In today’s R Data Analysis tutorial we will learn how to subset and filter one or multiple rows in an R DataFrame , then keep those columns as a new DataFrame for further analysis and visualization.
In this tutorial we will mostly use the dplyr package that allow for easier manipulation of R DataFrames.
Initialize R DataFrame
We will start by creating a very simple DataFrame:
#R
area <- c ("North", "South", "West", "East")
indirect <- c(275, 218, 217, 226)
direct <- c(353, 350, 326, 368)
online <- c(150, 186, 132, 136)
revenue <- data.frame (area = area, indirect = indirect, direct = direct, online = online)
After running this R script command in RStudio or other R development environment, we get the following DataFrame:
area | indirect | direct | online | |
---|---|---|---|---|
1 | North | 275 | 353 | 150 |
2 | South | 218 | 350 | 186 |
3 | West | 217 | 326 | 132 |
4 | East | 226 | 368 | 136 |
Select by index with base r
We can use the script below to keep specific rows by row position. Using base R, we first define a row vector and then use that vector to subset our DataFrame.

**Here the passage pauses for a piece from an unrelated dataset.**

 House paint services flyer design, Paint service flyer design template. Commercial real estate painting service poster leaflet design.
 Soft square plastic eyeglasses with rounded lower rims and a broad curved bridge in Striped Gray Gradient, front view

# select by index with base r
selected_rows <- c(2,3,4)
subset <- revenue[selected_rows,]
print (subset)
The result is a DataFrame:
2 | South | 218 | 350 | 186 |
3 | West | 217 | 326 | 132 |
4 | East | 226 | 368 | 136 |
Subset rows by position with dplyr
Using the dplyr library and specifically the slice function we can easily extract specific single or multiple rows at specific positions:
library(dplyr)
selected_rows <- c(2,3,4)
subset <- slice(revenue, selected_rows)
print (subset)
Note: make sure to install the dplyr package before calling it. Failing to do so will raise the following exception:
error in library(dplyr) : there is no package called ‘dplyr’
Extract rows containing certain column values
We can use the filter function delivered by dplyr to keep rows that meet a certain value criteria:
library(dplyr)
subset <- filter (revenue, online >= 150)
print (subset)
You’ll get the following DataFrame:
1 | North | 275 | 353 | 150 |
2 | South | 218 | 350 | 186 |
Subset data by multiple conditions
In the same fashion we can define more complex conditions to define our row selection:
library(dplyr)
subset <- filter (revenue, online < 150 & direct >=350)
print (subset)
This returns a single row DataFrame:
1 | East | 226 | 368 | 136 |
Keep random rows
In our last example, we’ll use the random function to select an arbitrary number of rows from our Data. In our case, we’ll choose to select two rows.
library(dplyr)
random_subset <- sample_n ( revenue, 2, replace=TRUE)
print(random_subset)